Assigned task:
Take the line that contains "מחשב דיסק נגן" and every line below it to the end of the entries, and give them again exactly, leaving out any pictures.

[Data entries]
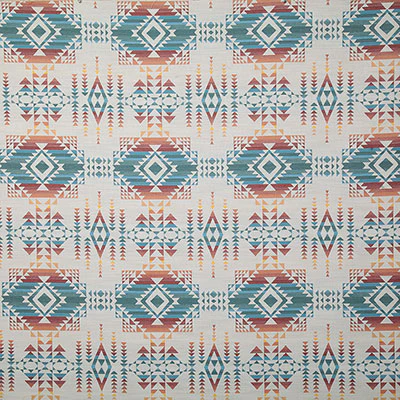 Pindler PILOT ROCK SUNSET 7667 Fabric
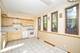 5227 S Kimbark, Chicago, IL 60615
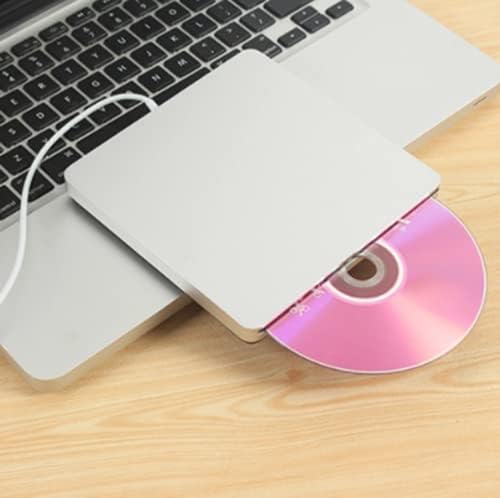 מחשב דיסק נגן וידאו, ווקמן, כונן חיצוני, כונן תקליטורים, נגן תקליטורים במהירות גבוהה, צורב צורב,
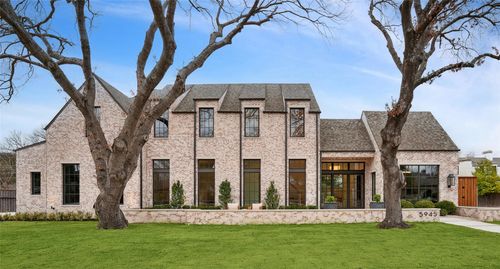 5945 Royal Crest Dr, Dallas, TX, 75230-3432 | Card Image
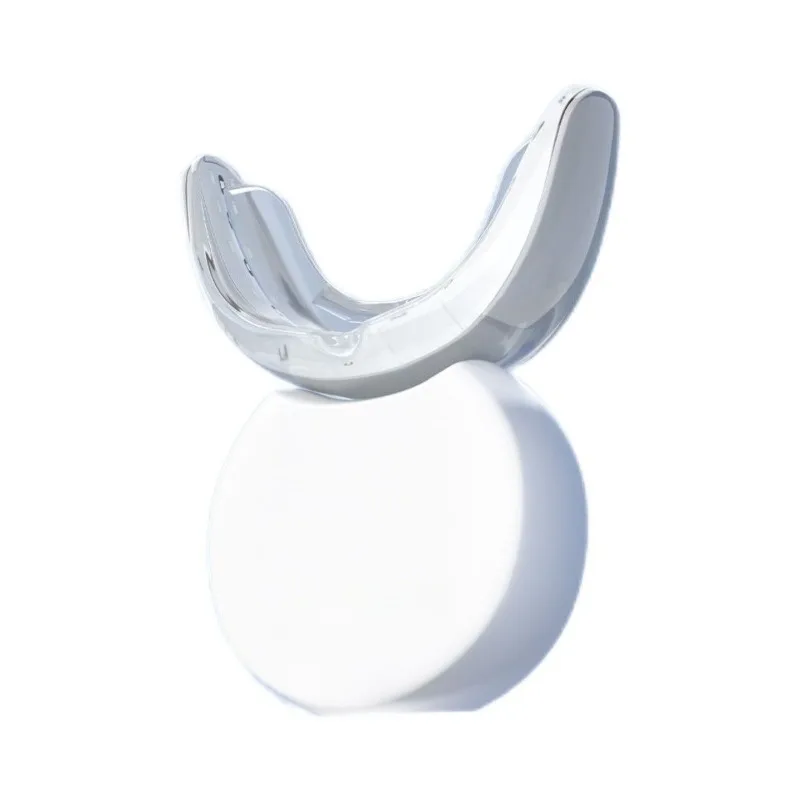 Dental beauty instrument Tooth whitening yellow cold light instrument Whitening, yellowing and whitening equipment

Task result:
 מחשב דיסק נגן וידאו, ווקמן, כונן חיצוני, כונן תקליטורים, נגן תקליטורים במהירות גבוהה, צורב צורב,
 5945 Royal Crest Dr, Dallas, TX, 75230-3432 | Card Image
 Dental beauty instrument Tooth whitening yellow cold light instrument Whitening, yellowing and whitening equipment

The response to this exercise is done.